Macaulay had the idea of creating a book about journeys in the 1980s and combined several previously unrelated sketches in order to form the four stories in the book. Owing to its metafictional structure, the book is considered a main example of a postmodern picture book. The book is designed to be interpreted in a number of different ways and can be frustrating for readers who wish to have a simple narrative they can absorb without thinking too much about. The text and pictures of the book both complement each other and provide a sense of tension as they are sometimes in opposition to each other. Black and White is credited with helping to advance the form of a picture book and is seen as a direct or indirect inspiration for several other picture books.
Background and publication
David Macaulay started drawing the sketches which would become Black and White in the 1980s. The idea of journeys interested Macaulay, especially the idea that turning the page could be its own journey. Eventually, Macaulay decided to combine four different stories from his sketchbook into a single book. Macaulay wanted each story to look different—"I did everything I could to visually separate each fragment"—including choosing a different medium and set of characters for each.[1] The book was published in March 1990 by Houghton Mifflin.[2][3]
Plot
Each two-page spread of the book features one of four stories. In the upper left quadrant, there is a story titled, "Seeing Things". In this story, a boy is on an overnight train trip to be reunited with his parents. At one point in the journey, the train's progress is stopped and he is briefly joined by what the text refers to as an "old woman" but which the illustrations suggest might be the robber from "Udder Chaos". Looking out the window, the boy is unable to tell what has stopped the train and laughs when the driver attempts to chase away what appear to be boulders. However, to the boy's amazement, the boulders begin to move off the tracks. Later the boy falls asleep only to be awoken by the train stopping and the sound of singing. Thinking he sees snow outside, the boy opens the windows but when he sticks out his hands to catch some, the boy realizes that it's actually torn up newspaper. The boy then notices "strange creatures" standing near the train who are responsible for the torn paper and singing. When the train resumes its journey, the boy falls back asleep only to be awoken at the train station where the boy is returns to his parents.[4]

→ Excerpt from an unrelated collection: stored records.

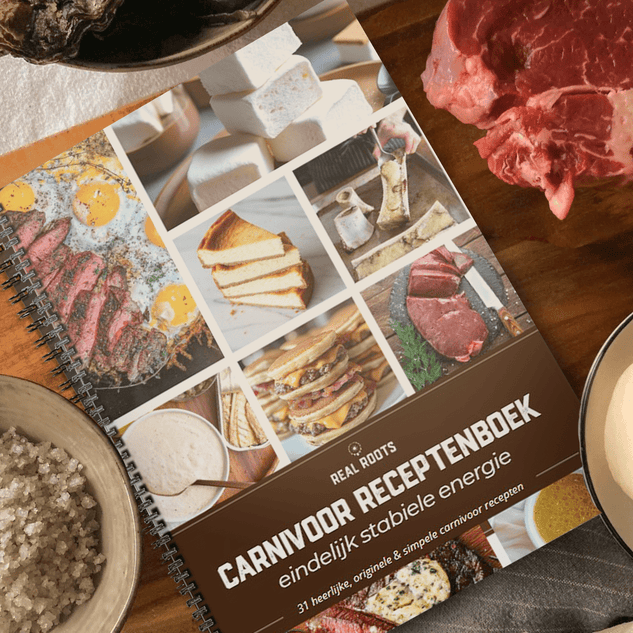 REAL ROOTS CARNIVOOR RECEPTEN E - BOOK - Real Roots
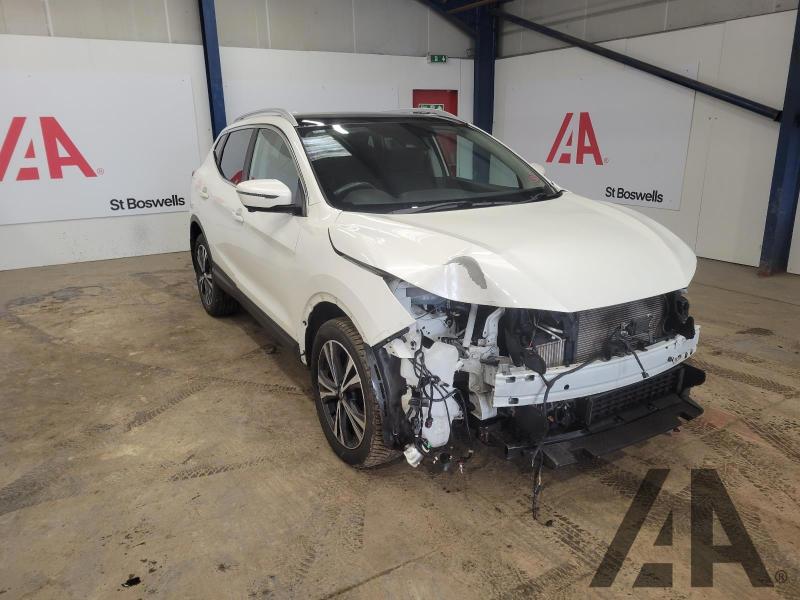 2021 NISSAN QASHQAI DIG-T N-CONNECTA DCT 1332cc TURBO PETROL SEMI AUTO 5 DOOR HATCHBACK
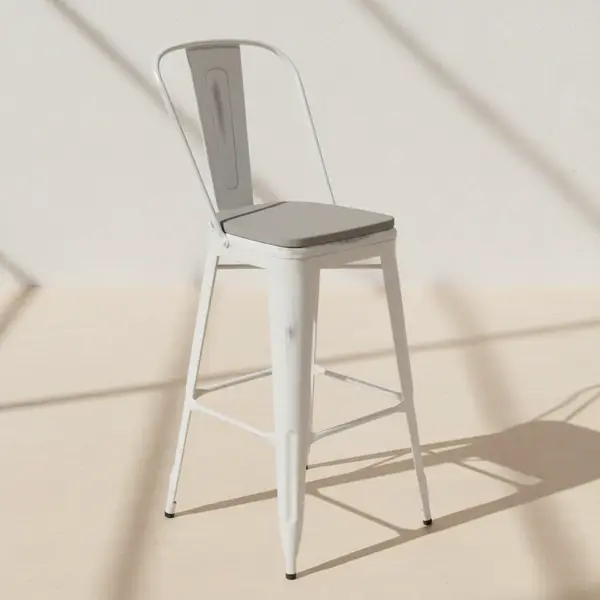 Flash Furniture ET-3534-30-WH-PL1G-GG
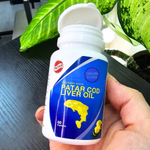 Масло печени трески Patar Cod Liver oil 60 капсул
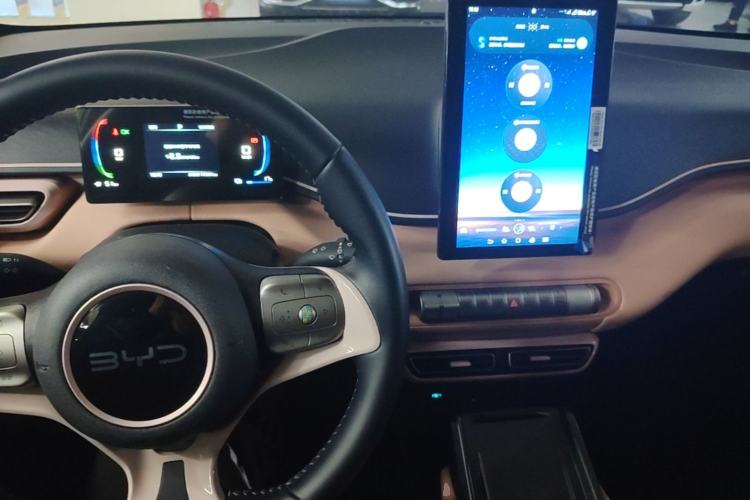 Used BYD Seagull 2024 Honor Edition 305km Freedom Version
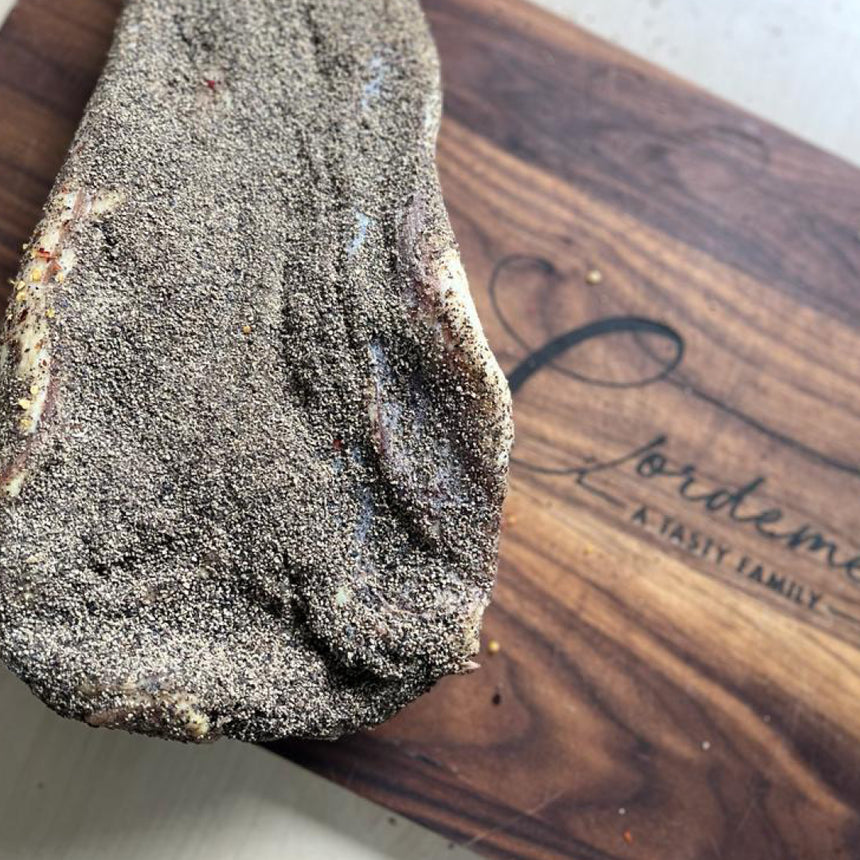 Guanciale Pepe Nero 100gr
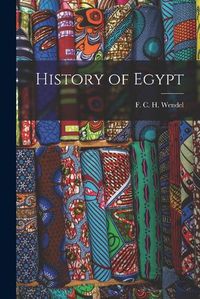 Cover image for History of Egypt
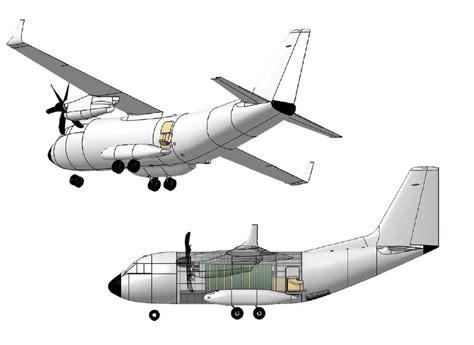 Leonardo Eyes Enhanced Firefighting Configuration for its C-27J Aircraft to Expand Multirole ...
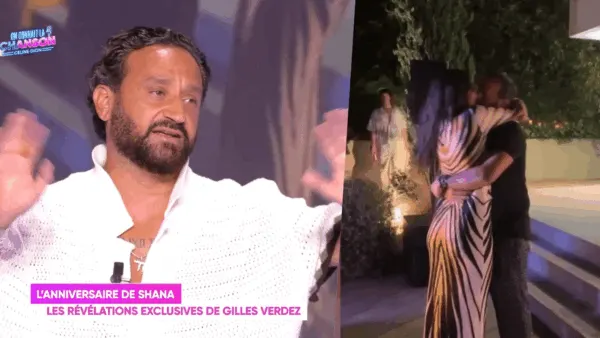 Cyril Hanouna et Shana Loustau en couple : leur baiser enflammé diffusé dans TBT9
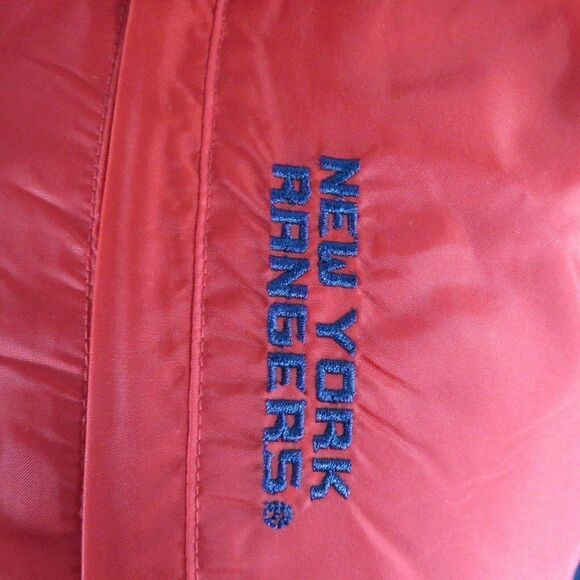 Lee Sport M NHL New York Rangers Eastern Conference Jacket Red Blue 2007 - Picture 4 of 12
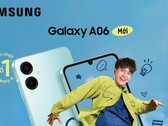 Galaxy A06. (Źródło obrazu: Samsung)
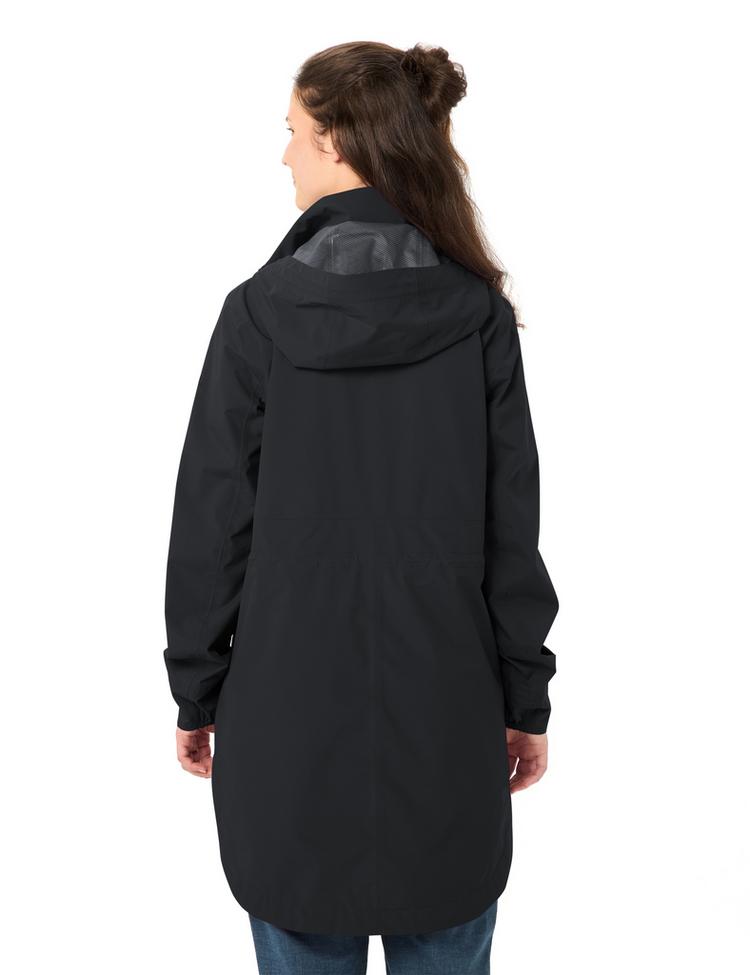VAUDE VAUDE Women's Mineo 2.5L Coat Outdoorjacke Damen - black - 1 | SportScheck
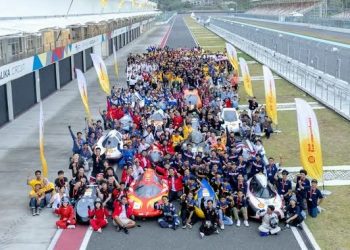 Indonesian Team Wins Shell Eco-Marathon Asia Pacific and The Middle East 2024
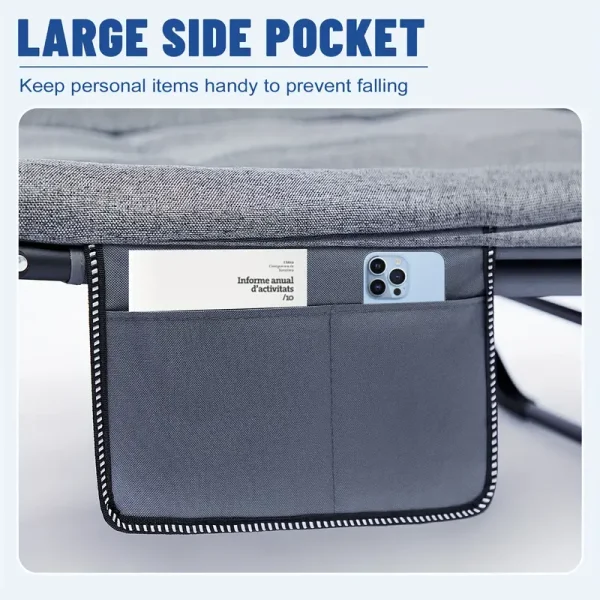 Adjustable portable roll-away bed - Image 7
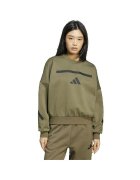 adidas Îmbracaminte Sweat Z.N.E. ample vert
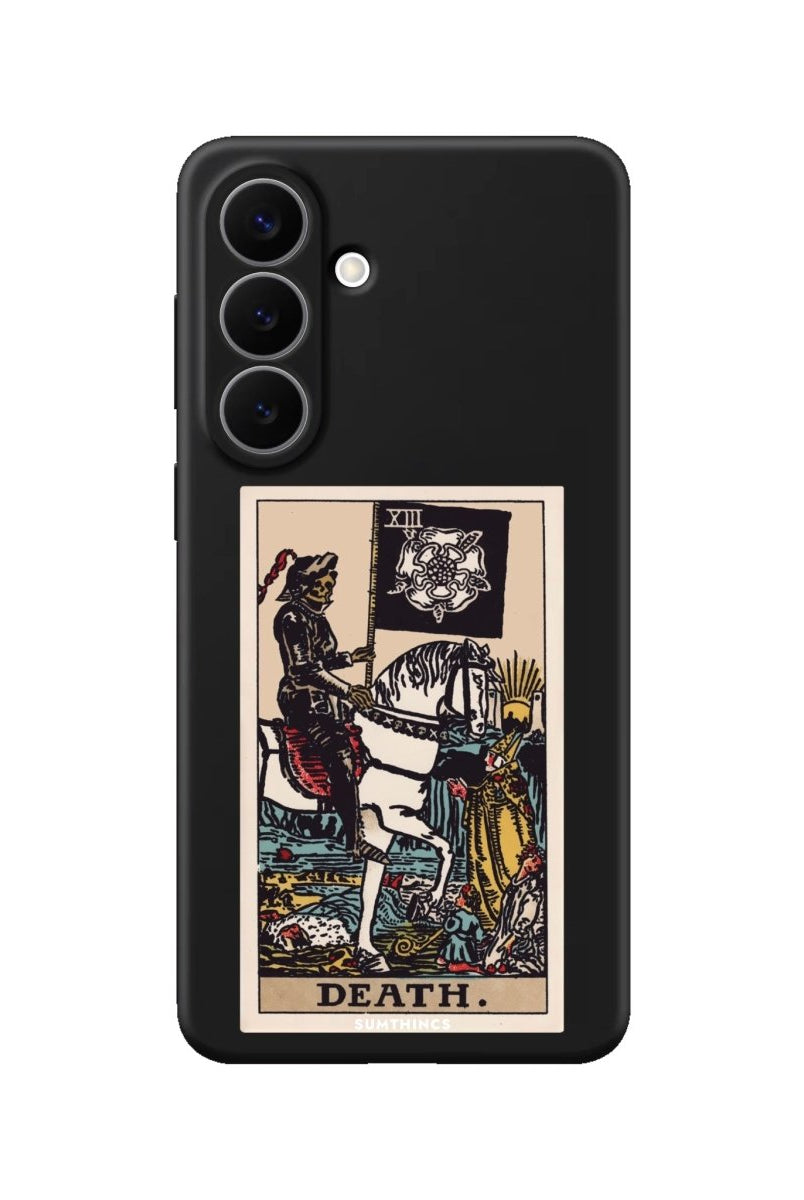 Samsung Death Premium Telefon Kılıfı Siyah - Sumthincs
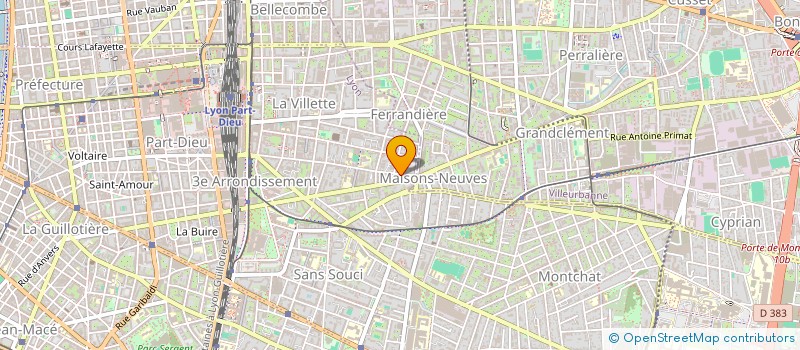 localisation de l'entreprise 489 074 617   LYON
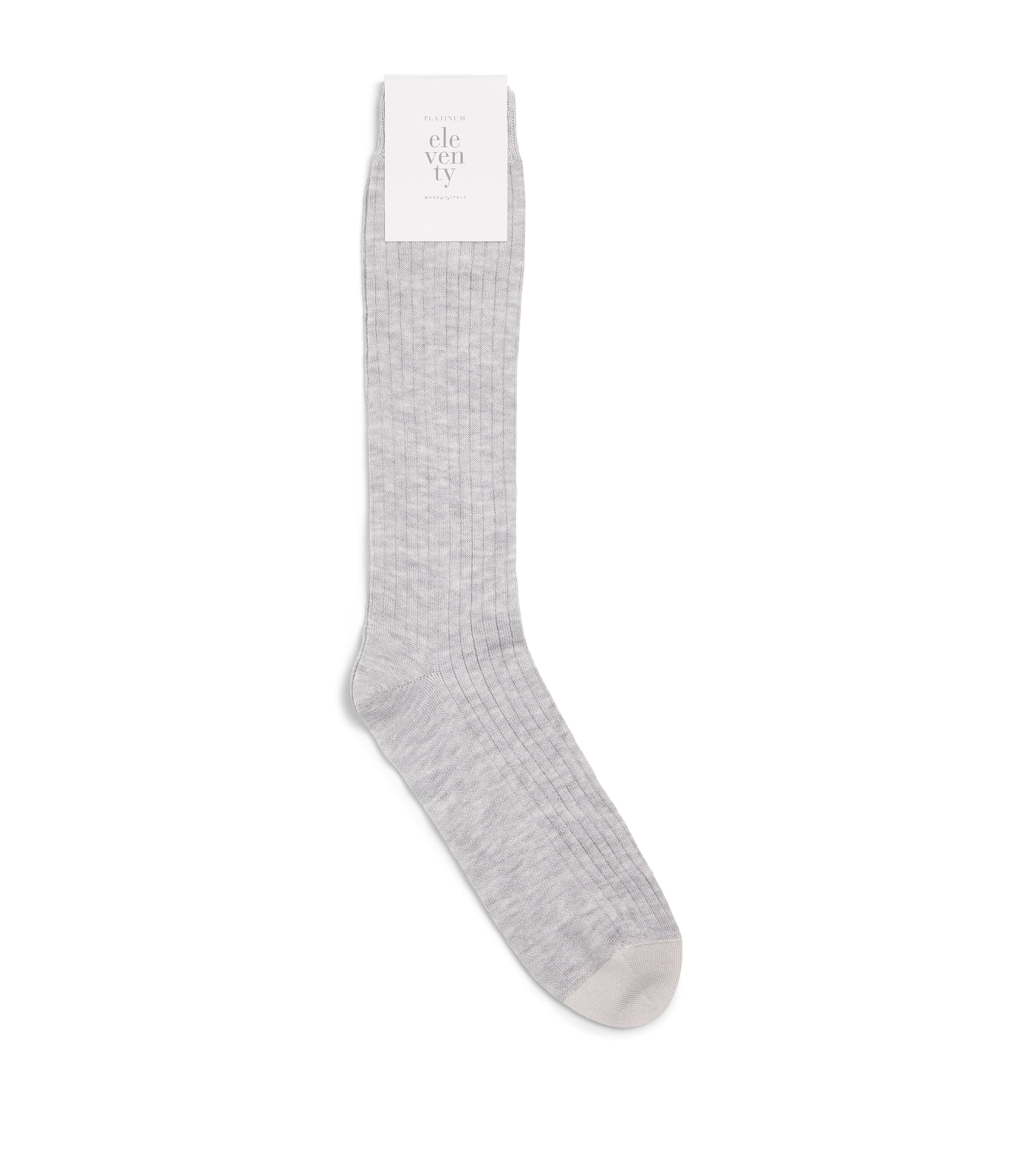 Eleventy Tipping Socks In Gray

In the lower left quadrant, the story is titled, "Problem Parents". A brother and sister, with the sister serving as the narrator, know the routines of their parents who are predictable in their actions, such as leaving for work each day at 7 a.m. and returning home at 7 p.m. However, one night the children, and their dog, recognize that the parents are not their normal selves because they come home wearing newspaper costumes and singing She'll Be Coming 'Round the Mountain. The children's parents then find newspapers at home and, ignoring attempts at normal conversation topics, dress the children in newspaper also. The brother joins in the fun more quickly than his sister, who unsuccessfully attempts to jolt her parents back to normal. The narrator is horrified when her brother suggests they go out to dinner dressed as they are and manages to convince the other family members to leave the costumes at home. In the end, the narrator admits the experience is fun, though she finds her parents' antics "exhausting" when they ask her about her homework as she's heading to bed.[4]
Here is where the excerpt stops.